Fig. 2 shows the charging of the storage system 10. During the period of reduction of the electric output of the power plant 12 (storage charging), steam is extracted at several pressure/temperature stages from the steam turbine 14 in order to exchange heat to the intermediate sensible heat to the thermal storage circuit 19 based on the concept of stream splitting of the thermal storage fluid (for example water). During this period, the instantaneous power generation output of the steam turbine 14 is reduced by the mechanical work that could have been produced by the steam that is extracted instead of going through all the downstream turbine stages.
The output power of the power plant 12 is reduced when steam is bled to heat the sensible heat storage system 10. The concept of split stream is implemented with three heat exchangers 20a, 20b, 20c and four tanks 22, 24a, 24b, 26 for the thermal storage liquid.
In particular, the steam heat exchanger arrangement 20 comprises a low temperature heat exchanger 20a, an intermediate heat exchanger 20b and a high temperature heat exchanger 20c connected together in series.

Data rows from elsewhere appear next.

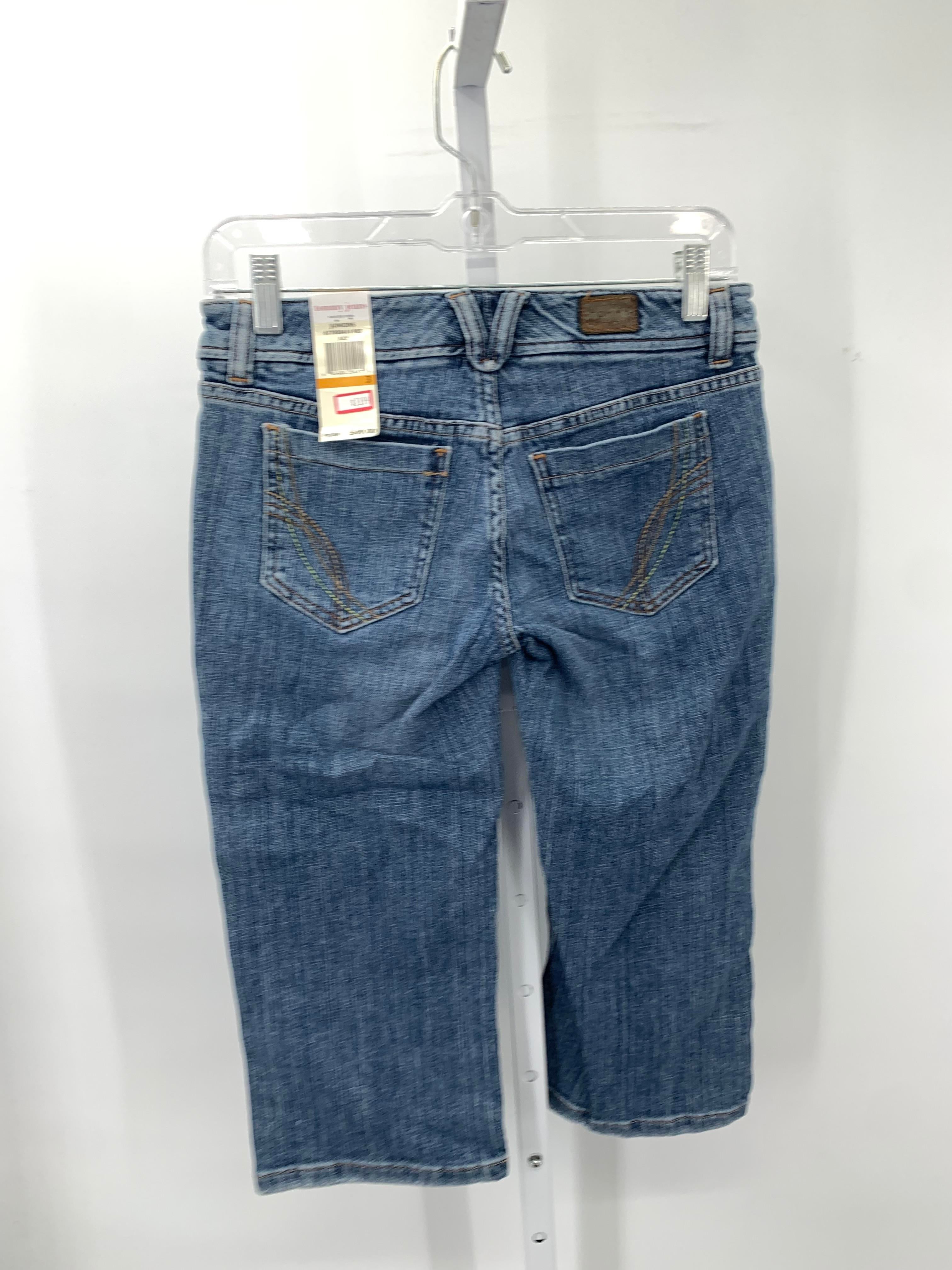 Tommy Jeans Size 3 Juniors Capri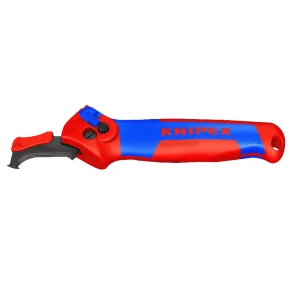 Knipex afisoleringskniv med glidesko/skralde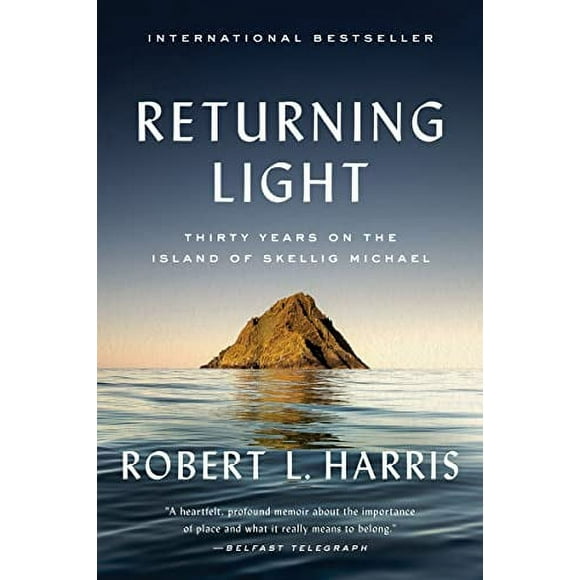 Returning Light: Thirty Years on the Island of Skellig Michael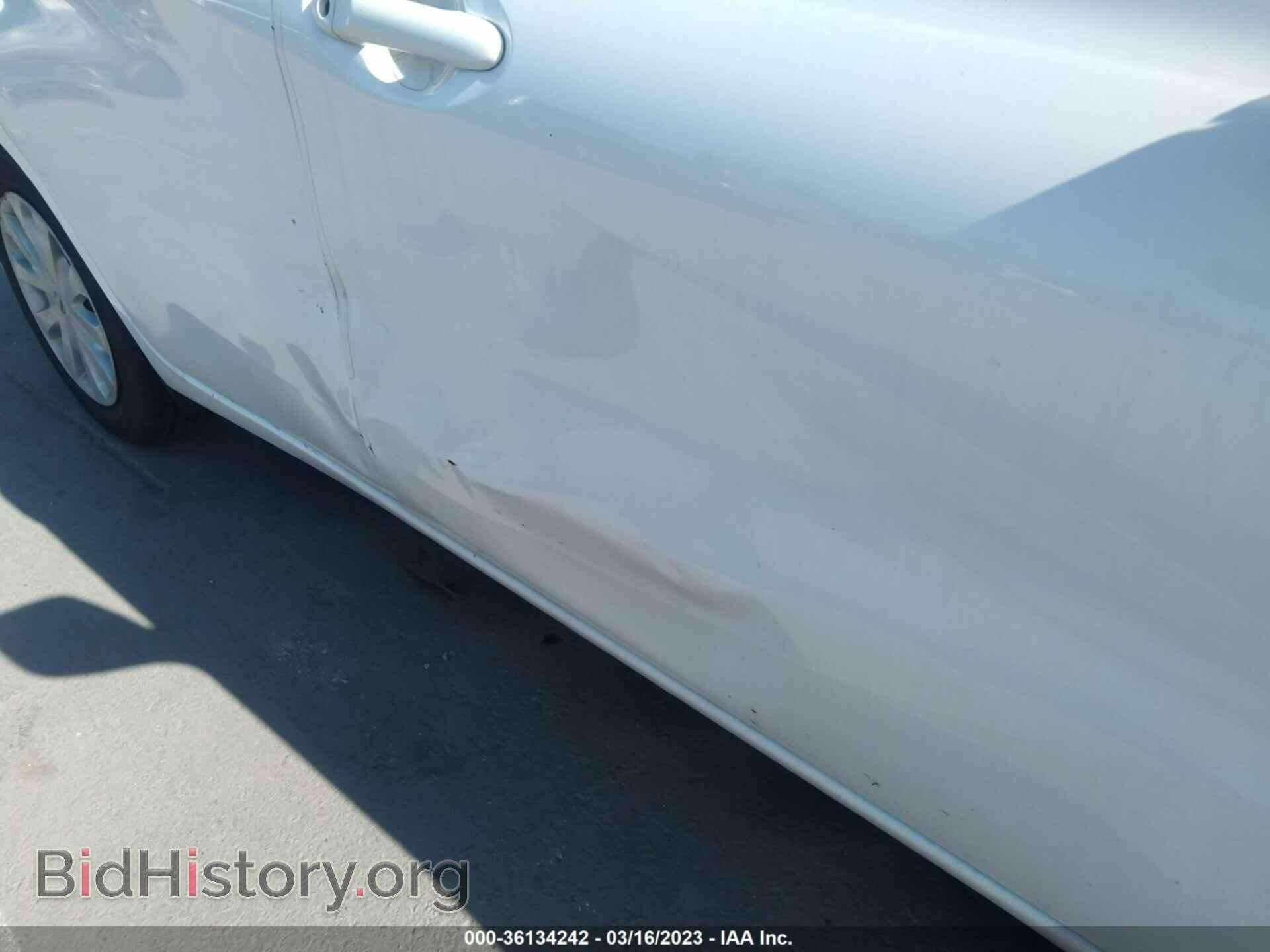 2014 NISSAN VERSA NOTE - VIN: 3N1CE2CP8EL406513 - Фото 6
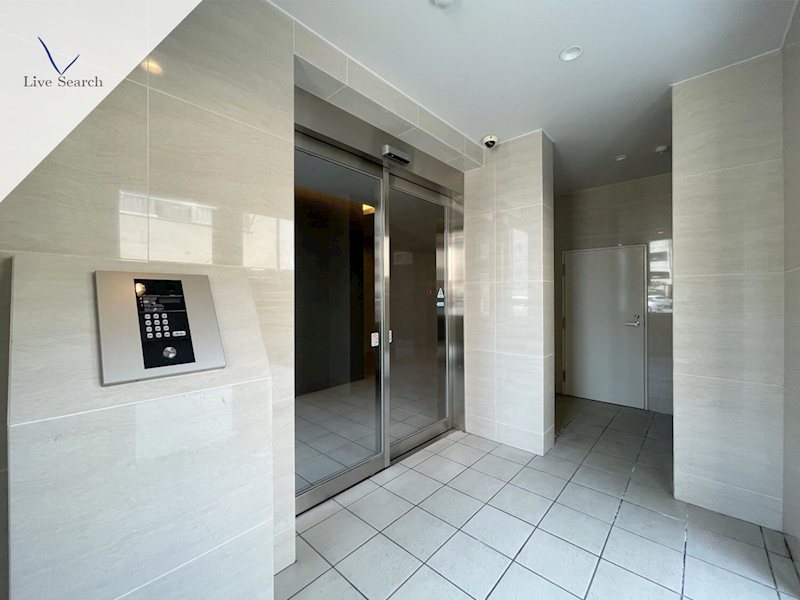 セキュリティ リアンレガーロ井尻ステーションEAST館 その他外観2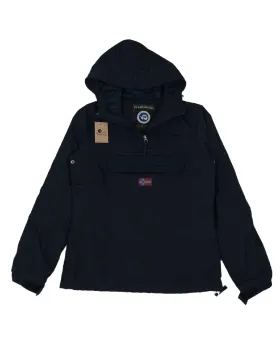 ANORAK NAPAPIJRI HOMBRE AZUL MARINO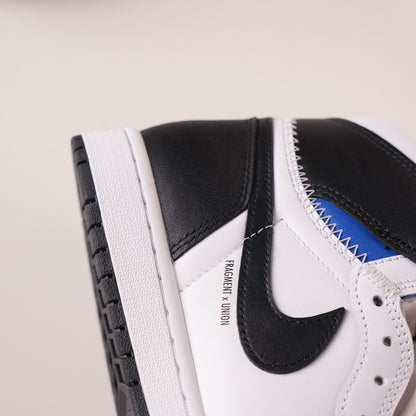Union LA x Air Jordan 1 Retro Lightning UN Black And White II7282-100
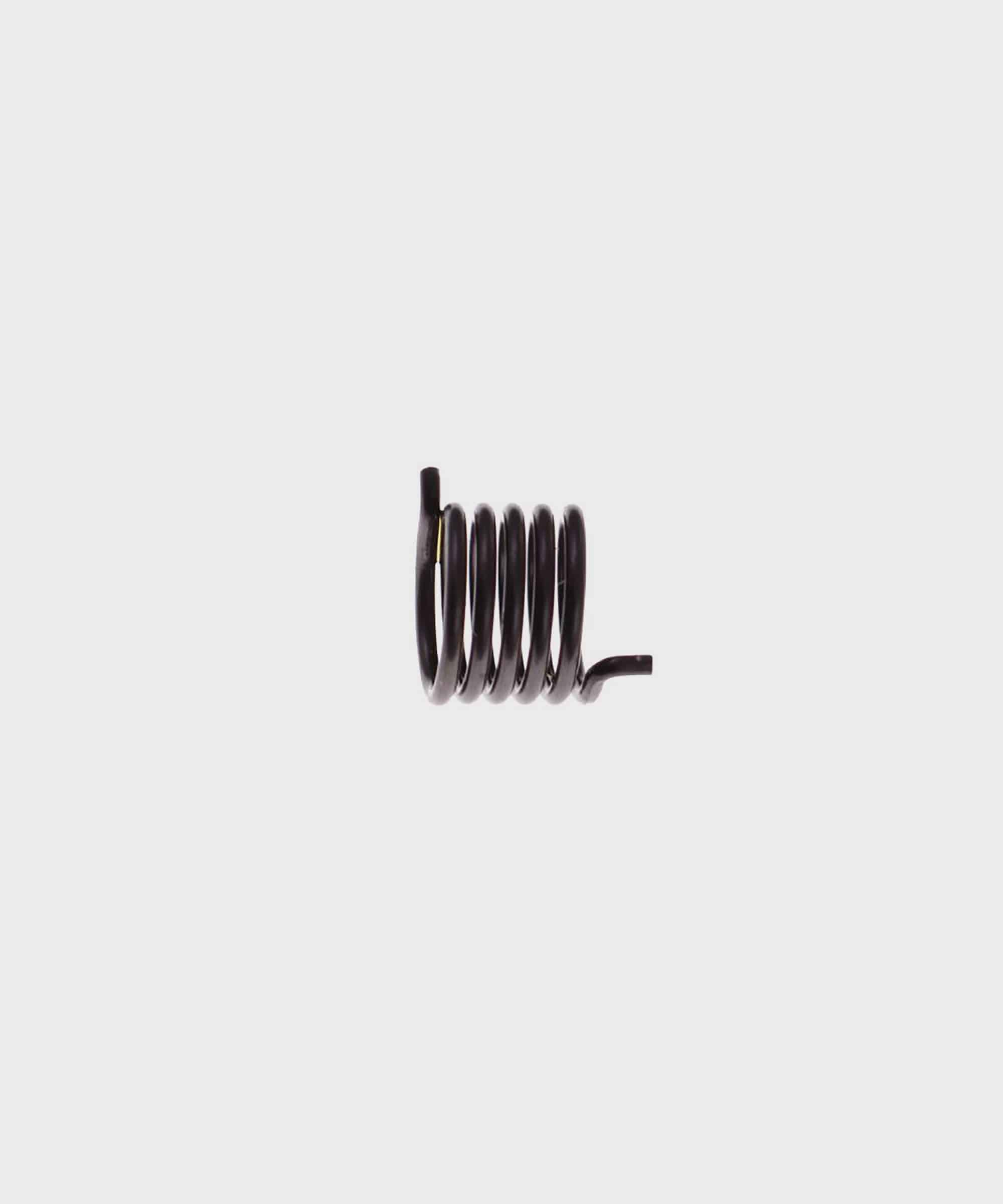 Fox Shock DPX2 remote torsion spring for 2019 rear shock, 0.036 in-lb/deg torque, 0.08 pitch, mountain bike suspension component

Some steam is bled at the three last stages of the steam turbine 14. The extracted steam is directed to the series of heat exchangers (water heaters) 20a, 20b, 20c in which water is heated to the storage temperatures (in this example the heat storage 10 uses water as the thermal storage fluid or thermal storage medium).
During charging of the system 10, thermal storage medium flows from the low temperature storage 26 through the heat exchangers 20a, 20b, 20c to the high temperature storage. Each of the intermediate temperature storages 24a, 24b is connected with a stream splitter 28a, 28b to the thermal storage circuit 19 between the high temperature heat exchanger 20c and the low temperature heat exchanger 20a. In particular, the first intermediate temperature storage 24a is interconnected between the heat exchangers 20a and 20b with a first stream splitter 28a and the second intermediate temperature storage 24b is interconnected between the heat exchangers 20b and 20c with a second stream splitter 28b.
In the low temperature heat exchanger 20a steam of a low temperature T_S1 bled from the turbine 14 at a first stage is heating the thermal storage medium from T_W4 to T_W3. In the intermediate heat exchanger 20b steam of a temperature T_S2 bled from the turbine 14 at a second stage is heating the thermal storage medium from the temperature T_W3 to T_W2. In the high temperature heat exchanger steam 20c steam of a temperature T_S3 bled from the turbine at a third stage is heating the thermal storage medium from T_W2 to T_W1. Examples of the different temperatures will be given with reference to Fig. 4.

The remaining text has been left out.